# Reddit API Query

In [13]:
import requests
import pandas as pd
import datetime as dt
import time
import pickle
pd.set_option('display.max_columns', None)

__I'll be pulling data from two Reddit threads for this project:__

-[raisedbynarcissits](https://www.reddit.com/r/raisedbynarcissists): "This is a support group for people raised by (or being raised by) a narcissistic parent. Please share your stories, your questions, your histories, your fears and your triumphs. Significant others and friends are all welcome."
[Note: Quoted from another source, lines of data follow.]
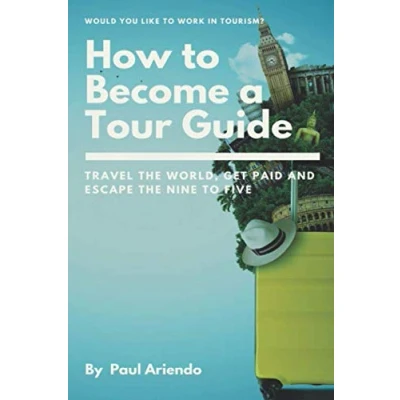 Abbildung von How to become a Tour Guide: Travel the World, Get Paid and Escape Nine Five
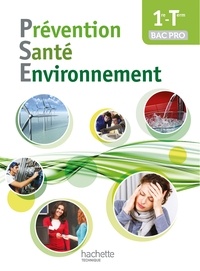 Nathalie Bonnefont et Brigitte Brelière - Prévention Santé Environnement 1re-Tle Bac Pro.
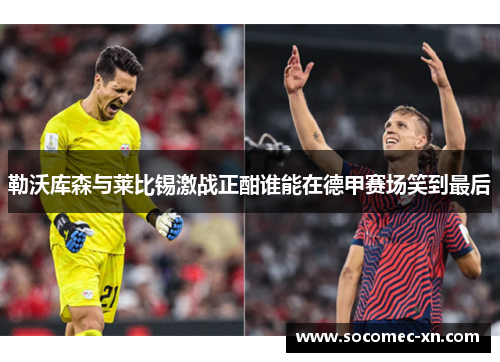 勒沃库森与莱比锡激战正酣谁能在德甲赛场笑到最后
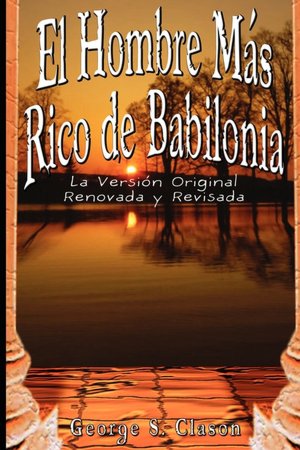 El Hombre Mas Rico de Babilonia: La Vesion Original Renovada y Revisada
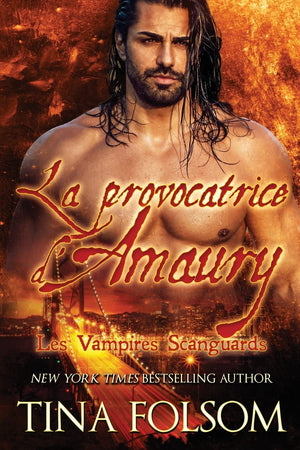 La Provocatrice D'Amaury: Vampires Scanguards (Les Vampires Scanguards) (French Edition),New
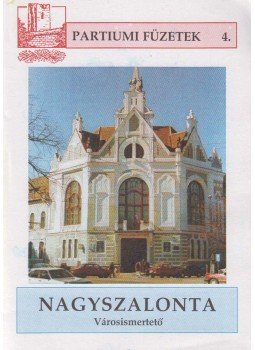 Dánielisz Endre - Nagyszalonta - Városismertető, Nagyszalonta 1999 antikvár könyv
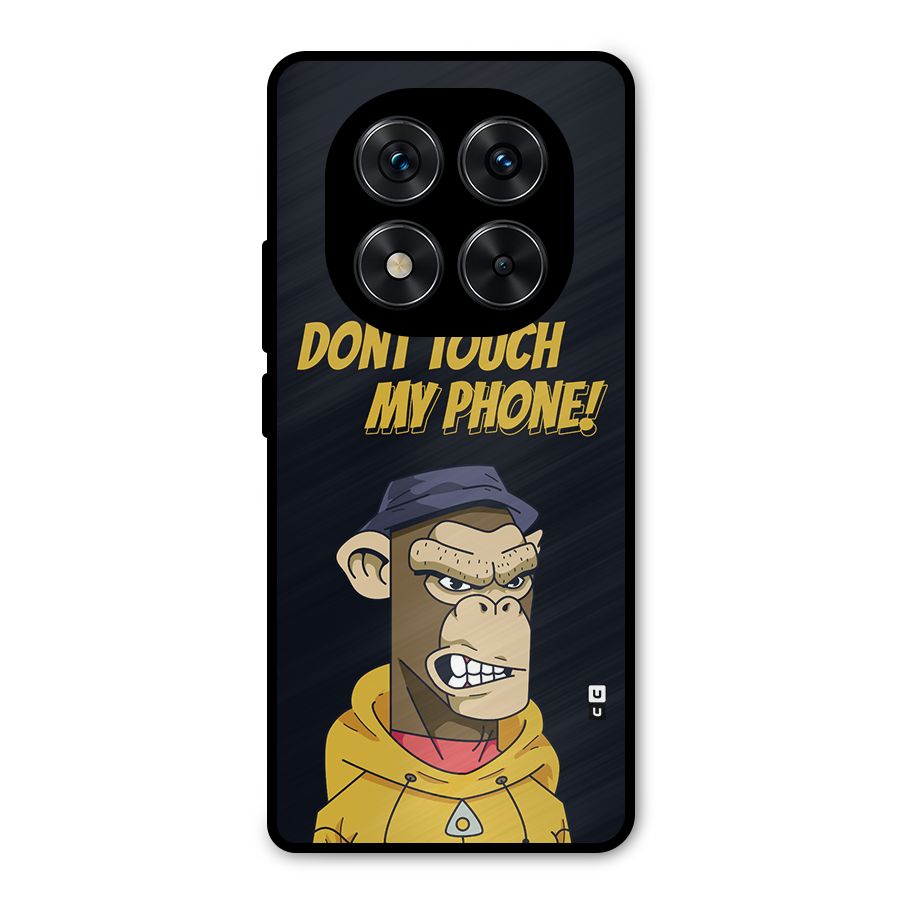 Dont Touch My Phone Metal Back Case for Redmi Note 14 Pro 5G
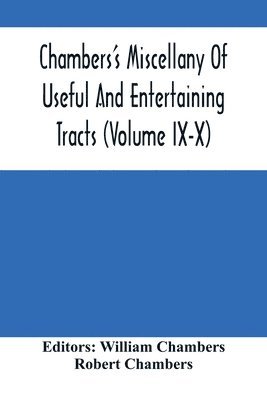 Chambers'S Miscellany Of Useful And Entertaining Tracts (Volume Ix-X) 1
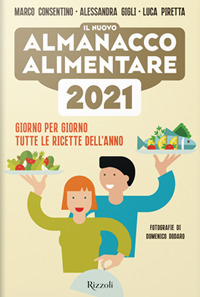 Il nuovo almanacco alimentare 2021. Giorno per giorno tutte le ricette dell'anno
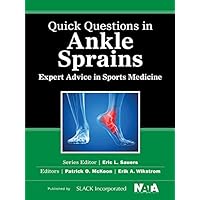 Quick Questions in Ankle Sprains: Expert Advice in Sports Medicine Quick Questions in Ankle Sprains: Expert Advice in Sports Medicine Kindle Paperback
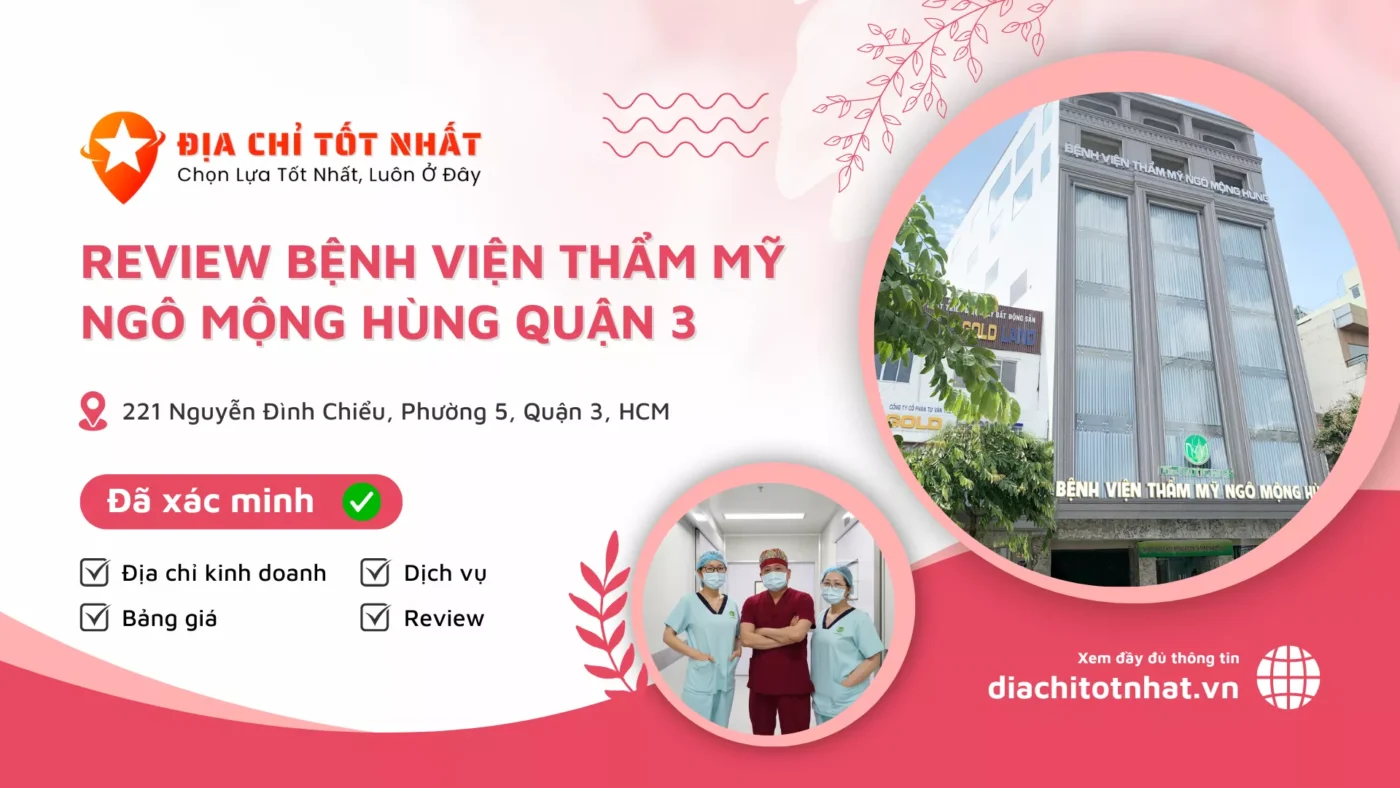 Review Bệnh viện thẩm mỹ Ngô Mộng Hùng Quận 3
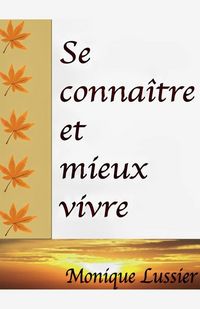 Produktbild: Se Conna&icirc;tre et Mieux Vivre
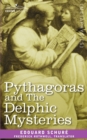 Pythagoras and the Delphic Mysteries - Book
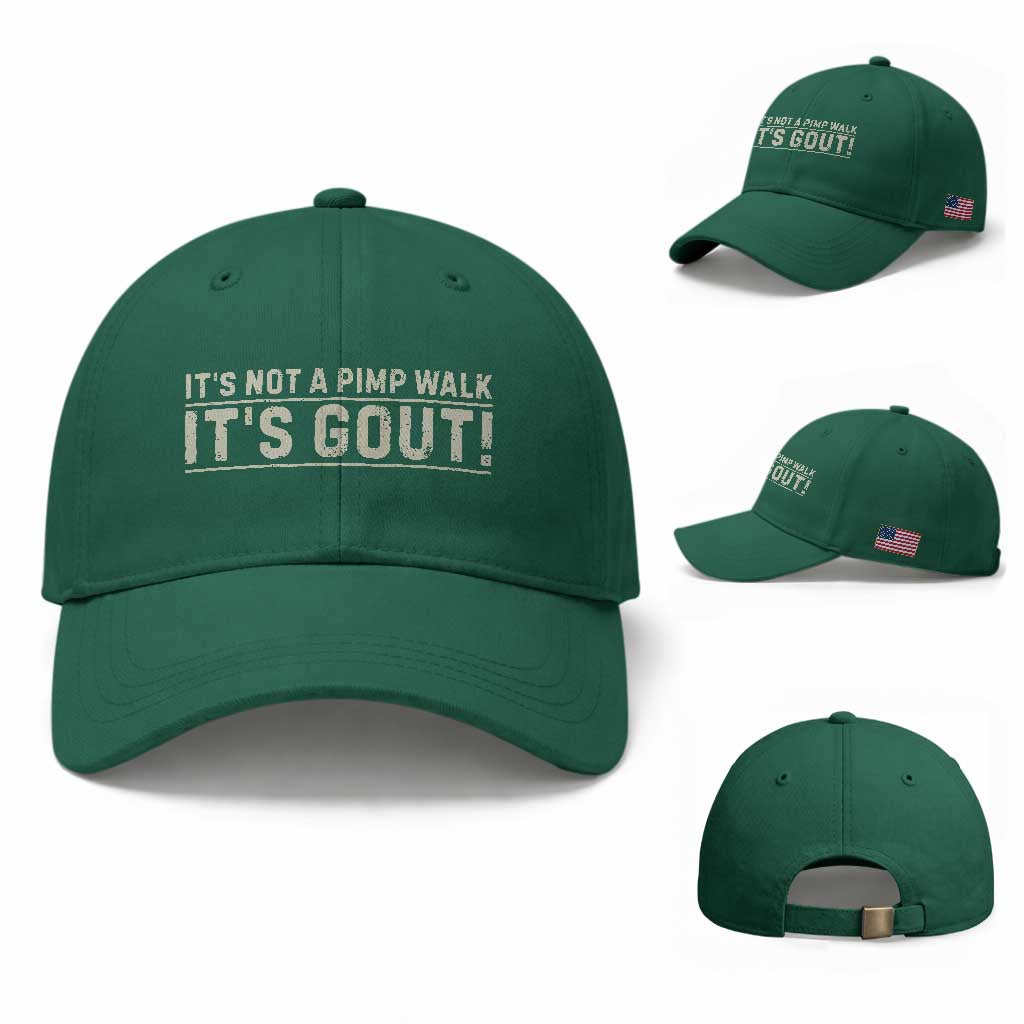 It's Not A Pimp Walk Its Gout Baseball Cap Funny Old Man Medical Humor Sarcastic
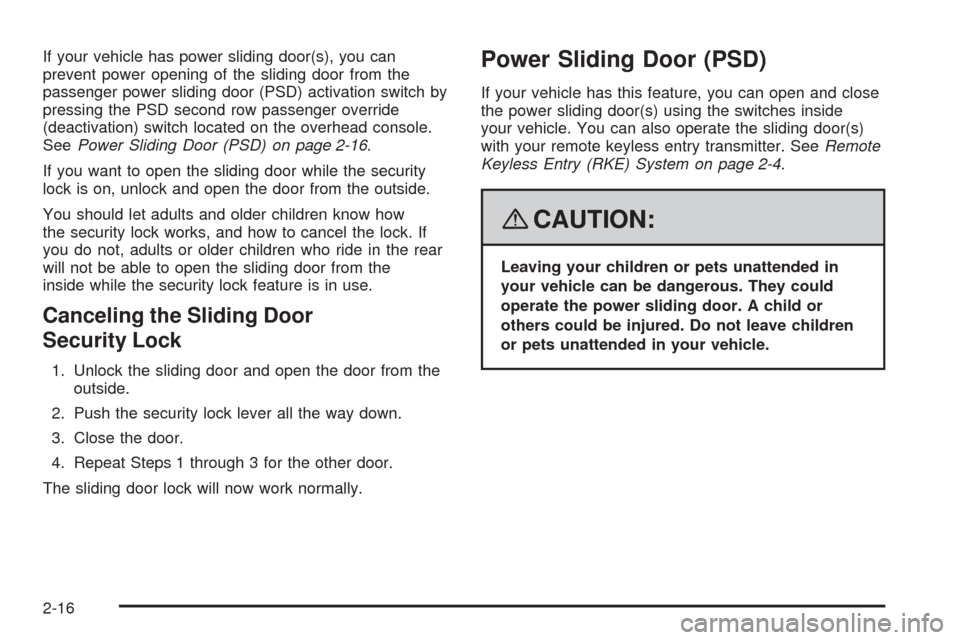 CHEVROLET UPLANDER 2008 1.G Owners Manual If your vehicle has power sliding door(s), you can
prevent power opening of the sliding door from the
passenger power sliding door (PSD) activation switch by
pressing the PSD second row passenger over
-[LifeAfterNarcissism](https://www.reddit.com/r/LifeAfterNarcissism): "A place for those who are moving on from narcissistic family or relationship dynamics."

### 1. Query Reddit

In [2]:
# custom function to query reddit multiple times
# this code is adapted from Hovanes's codes that he shared in class

def reddit_query(subreddit, n_samples):
    base_url = 'https://api.pushshift.io/reddit/submission/search' # base url for api
    list_posts = []
    oldest_post = None
    
    while len(list_posts) < n_samples: # n_samples exceeds the reddit api limit of 1000
        params = {
            "subreddit" : subreddit,
            "size" : 1000,
            "before": oldest_post # a time stamp to set when to start pulling posts
            }  
            
        res = requests.get(base_url,params) # request reddit info
            
        posts = res.json()['data'] # create list from json
        
        if len(posts) == 0:
            oldest_post = None # for the first time running this, before will be None
            list_posts.extend(posts) # add batch of posts to list_posts     
        else:
            time.sleep(3) # wait 3 seconds before querying again
            oldest_post = dt.datetime.fromtimestamp(posts[-1]["created_utc"]) # take the oldest time from the list and pull posts before that time
            list_posts.extend(posts) # add batch of posts to list_posts
    return pd.DataFrame(list_posts) # return pandas dataframe

### Pull data for reddit threads:

In [3]:
rbn = reddit_query("raisedbynarcissists", 10_000)

In [5]:
lan = reddit_query("LifeAfterNarcissism", 10_000)

### 2. Pickle for later use 

In [14]:
pickle.dump(lan, open("../assets/lan.pkl", "wb"))

In [15]:
pickle.dump(rbn, open("../assets/rbn.pkl", "wb"))